8/9  Went to Grafton mainly to check on the mushrooms I am tracking: Ganoderma curtisii, Fomitopsis spraguei and Lenzites betulina.

Found one large and one small X. purpureum.
And last years Ganoderma lucidum or tsugae?

8/11  Last year they put down bark mulch around about the apartment building where I live.  This spring I checked for Morel, of course.  None, of course.  But lately I noticed some of that disgusting looking stuff  Fuligo septica popping up here and there on the bark mulch.  Yesterday I noticed two new blobs growing just outside my bedroom window.  This morning I decided to photograph them from the bedroom window.  When I opened the window and removed the screen I saw two new blobs

This morning I went to Douglas State Forest after my encounter with the Slime Mold at my bedroom window :o)  First I wanted to revisit the Atlantic White Cedar Swamp and see how it has changed since last January 13.  It looks like they closed it down.  The sign was removed from the area where you enter the swamp.  The way was overgrown with brush.  That did not stop me.  I went through anyway.  Really not much different.  The sphagnum moss was greener and I saw a few LBMs, that's it.  I looked around the area and found very few new mushrooms.  There were signs that they got some rain last night.  I then explored the part of the forest that is north of Rt.16.  I located brooks and washes hoping to find birch with Chaga on them.  Not many birch by the brooks.  There was mostly Hemlock.  On the way home I stopped by Purgatory Park in Sutton and checked the oak that produces several Berkeley Polypore every year.  A new one was there again.  Then I noticed a couple of Black Birch in back and checked those.  I found one small Chaga.  I left it to grow up.  Maybe next year, I will harvest it.  See the pictures.
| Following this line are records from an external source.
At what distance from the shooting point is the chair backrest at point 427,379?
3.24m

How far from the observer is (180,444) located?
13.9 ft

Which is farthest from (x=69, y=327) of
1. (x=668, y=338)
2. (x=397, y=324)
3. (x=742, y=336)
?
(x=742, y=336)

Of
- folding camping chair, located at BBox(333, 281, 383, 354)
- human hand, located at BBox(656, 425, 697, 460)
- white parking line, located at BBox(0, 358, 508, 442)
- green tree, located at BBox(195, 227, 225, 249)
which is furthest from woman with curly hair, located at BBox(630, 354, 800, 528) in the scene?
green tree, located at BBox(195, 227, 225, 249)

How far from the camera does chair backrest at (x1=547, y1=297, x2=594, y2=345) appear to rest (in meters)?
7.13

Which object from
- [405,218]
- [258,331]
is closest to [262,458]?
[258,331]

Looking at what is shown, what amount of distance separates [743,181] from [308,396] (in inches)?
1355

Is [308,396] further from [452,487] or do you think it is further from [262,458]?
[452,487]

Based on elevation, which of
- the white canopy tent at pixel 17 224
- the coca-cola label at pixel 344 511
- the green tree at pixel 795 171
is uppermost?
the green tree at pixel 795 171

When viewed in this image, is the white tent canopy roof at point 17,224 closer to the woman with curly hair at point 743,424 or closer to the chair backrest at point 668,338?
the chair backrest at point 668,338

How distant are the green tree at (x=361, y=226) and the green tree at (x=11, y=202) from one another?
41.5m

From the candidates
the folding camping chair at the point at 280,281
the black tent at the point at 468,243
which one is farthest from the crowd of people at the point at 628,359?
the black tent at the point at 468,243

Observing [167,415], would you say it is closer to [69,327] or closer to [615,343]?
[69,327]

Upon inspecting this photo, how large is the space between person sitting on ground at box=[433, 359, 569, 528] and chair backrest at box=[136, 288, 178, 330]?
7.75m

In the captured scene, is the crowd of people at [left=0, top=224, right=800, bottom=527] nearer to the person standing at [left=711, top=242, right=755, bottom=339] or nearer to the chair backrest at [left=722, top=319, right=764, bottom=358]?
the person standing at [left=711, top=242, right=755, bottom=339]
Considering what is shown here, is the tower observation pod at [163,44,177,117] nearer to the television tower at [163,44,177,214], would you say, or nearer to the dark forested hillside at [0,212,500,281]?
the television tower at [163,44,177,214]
8/13  Things are really dry!  All small brooks are dried up.  Swampy areas are drying out and soil cracking.  Went to Grafton site to mainly check on the Ganoderma curtisii that I am tracking.  I stopped by the Quinsigamond River and filled a 3 liter bottle as a thirst quencher for the curtisii.  The cap has grown 3/8" since the last time I was there.  The height remains the same, 2".  I watered the soil around the mushroom.  It looks like it is growing off an oak root.  Three feet from it is a 2.5' diameter oak stump with sprouts growing from it.  These sprouts provide shade for the mushroom.

Walking through what used to be a swampy area I spotted 2 small mushrooms growing side by side.  I picked the larger of the two and saw that it was about a 2" cap bolete with yellow pores.  I tossed it away and picked up the second mushroom which turned out to be an Earthball.  I then realized that the small bolete was a Parasitic Bolete so I took some pictures.  It has an interesting pore layer right next to the stem.
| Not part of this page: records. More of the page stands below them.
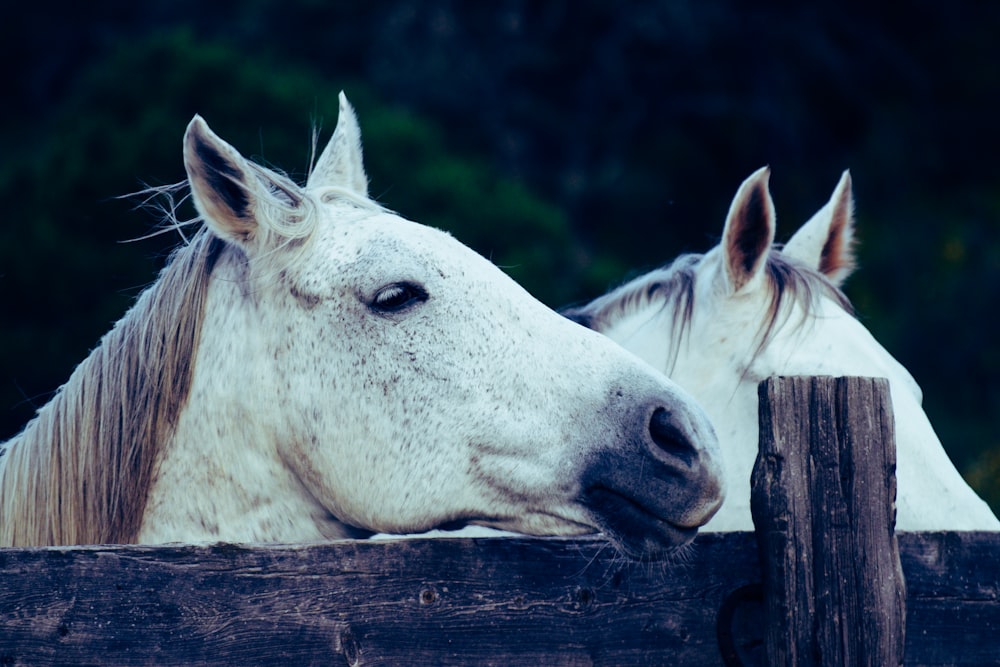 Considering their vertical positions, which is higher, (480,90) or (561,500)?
(480,90)

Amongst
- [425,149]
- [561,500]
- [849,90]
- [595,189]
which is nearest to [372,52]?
[595,189]

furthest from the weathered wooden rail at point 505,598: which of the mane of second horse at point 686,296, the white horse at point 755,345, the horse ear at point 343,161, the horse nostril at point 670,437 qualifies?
the horse ear at point 343,161

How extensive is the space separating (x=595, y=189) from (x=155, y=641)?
44.4 feet

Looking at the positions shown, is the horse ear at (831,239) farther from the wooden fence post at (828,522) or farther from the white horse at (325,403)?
the wooden fence post at (828,522)

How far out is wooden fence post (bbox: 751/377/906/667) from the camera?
163 centimetres

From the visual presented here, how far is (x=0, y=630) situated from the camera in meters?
1.58

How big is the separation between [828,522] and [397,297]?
938mm

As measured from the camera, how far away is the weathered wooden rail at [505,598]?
159 centimetres

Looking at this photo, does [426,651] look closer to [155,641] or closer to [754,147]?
[155,641]

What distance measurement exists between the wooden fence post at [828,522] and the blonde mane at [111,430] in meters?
1.20

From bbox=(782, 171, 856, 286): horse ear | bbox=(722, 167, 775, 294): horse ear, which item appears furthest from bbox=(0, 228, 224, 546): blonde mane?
bbox=(782, 171, 856, 286): horse ear

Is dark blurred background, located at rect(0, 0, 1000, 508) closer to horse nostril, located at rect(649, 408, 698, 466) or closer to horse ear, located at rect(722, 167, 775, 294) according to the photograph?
horse ear, located at rect(722, 167, 775, 294)

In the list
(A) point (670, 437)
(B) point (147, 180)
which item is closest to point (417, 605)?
(A) point (670, 437)

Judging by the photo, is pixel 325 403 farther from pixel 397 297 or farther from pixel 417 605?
pixel 417 605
Then I went to Bolton and checked out the oak where I found my first Hen in 2003.  Nothing.  I checked many oak at both sites.  Also I checked all birch I saw for Chaga.  Found none.  I wonder what the Hen looks like when it first comes out of the ground?  Anyone have baby Hen pictures?  The youngest I saw was one that measured about 6" on October 27, 2004.  From that I got the impression that the Hen pops out as a lump and then starts growing tinny caps that eventually grow into larger caps if there is time before the frost kills it.  Mine had tinny caps.
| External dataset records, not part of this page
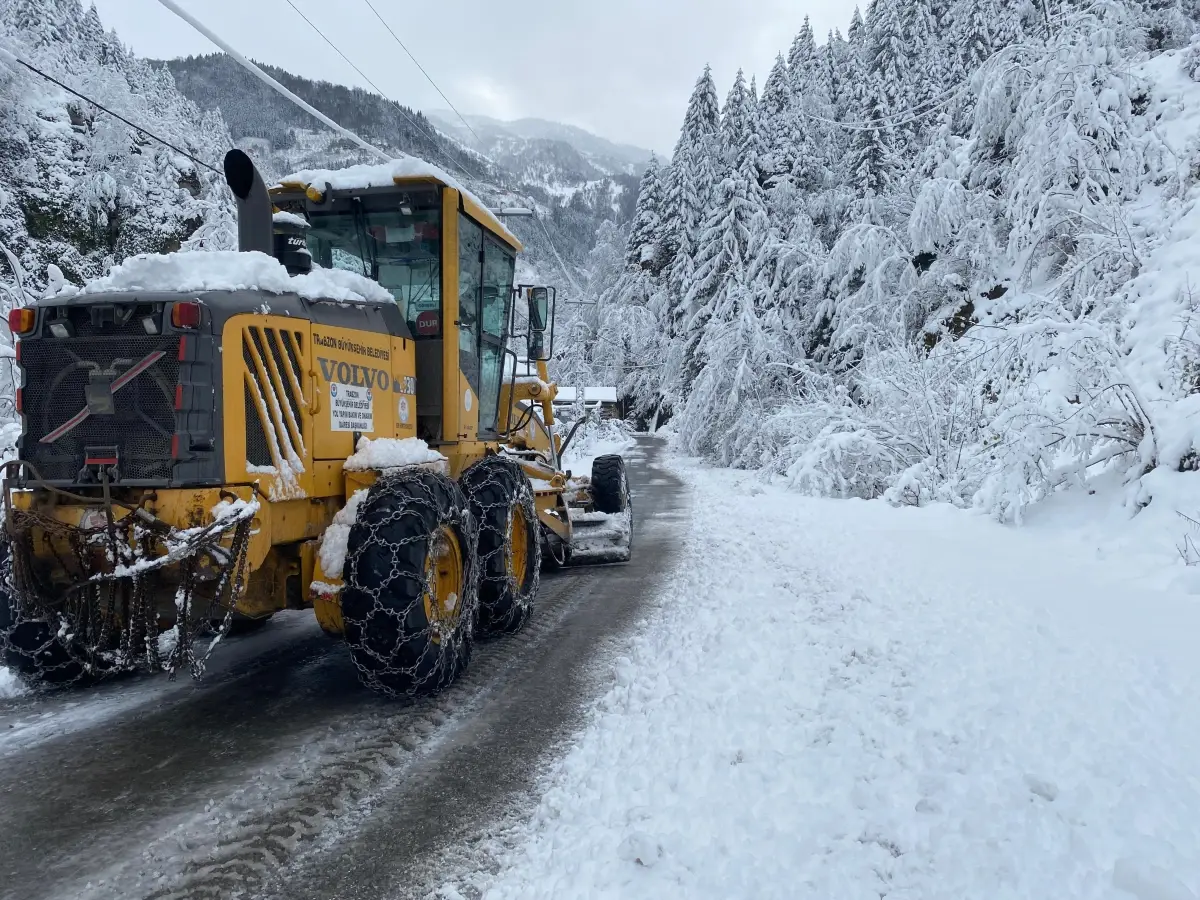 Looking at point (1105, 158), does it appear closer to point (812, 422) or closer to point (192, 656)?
point (812, 422)

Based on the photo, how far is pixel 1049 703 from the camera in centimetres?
362

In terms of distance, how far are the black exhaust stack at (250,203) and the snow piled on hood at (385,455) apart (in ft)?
4.42

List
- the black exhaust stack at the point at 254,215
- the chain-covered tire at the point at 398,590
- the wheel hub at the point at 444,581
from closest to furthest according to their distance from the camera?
the chain-covered tire at the point at 398,590 < the wheel hub at the point at 444,581 < the black exhaust stack at the point at 254,215

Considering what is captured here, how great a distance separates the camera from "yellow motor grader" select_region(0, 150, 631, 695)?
3.55m

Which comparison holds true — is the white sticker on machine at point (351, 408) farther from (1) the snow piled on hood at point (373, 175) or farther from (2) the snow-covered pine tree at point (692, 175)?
(2) the snow-covered pine tree at point (692, 175)

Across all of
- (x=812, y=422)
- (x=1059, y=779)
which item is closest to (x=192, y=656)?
(x=1059, y=779)

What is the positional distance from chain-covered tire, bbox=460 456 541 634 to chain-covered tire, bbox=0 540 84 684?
2.33 meters

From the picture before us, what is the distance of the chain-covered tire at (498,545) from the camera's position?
5.17 metres

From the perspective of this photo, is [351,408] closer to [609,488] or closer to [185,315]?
[185,315]

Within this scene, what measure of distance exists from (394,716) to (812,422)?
12.5 meters

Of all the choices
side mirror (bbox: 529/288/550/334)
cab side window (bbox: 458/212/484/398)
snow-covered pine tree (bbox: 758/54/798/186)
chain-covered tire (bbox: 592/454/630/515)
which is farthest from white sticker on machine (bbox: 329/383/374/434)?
snow-covered pine tree (bbox: 758/54/798/186)

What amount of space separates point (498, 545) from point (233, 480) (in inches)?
75.9

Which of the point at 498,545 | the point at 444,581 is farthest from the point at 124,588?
the point at 498,545

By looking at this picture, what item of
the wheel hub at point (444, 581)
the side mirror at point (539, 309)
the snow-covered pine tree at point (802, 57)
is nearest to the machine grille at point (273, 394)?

8/21  We finally got some good rain, almost an inch, and I went out to see what I could find.  Five days earlier we got a half an inch but that did not produce a crop of mushrooms.  At Edmund Hill Woods I first noticed a large fallen branch loaded with what looked like Turkey-tails.  I picked a bunch for tea and dried them at home.  Next day I found out I picked False Turkey-tails, Stereum ostrea.  I also found one Lobster that someone stepped on and flattened.  A couple of Dotted-stalk Suillus.  A few Painted Bolete and some interesting polypores.
I then went to Grafton took pictures and measurements of the G. curtisii.  I found a few Bicolor and one young X. separans.  Enough for a mushroom fry.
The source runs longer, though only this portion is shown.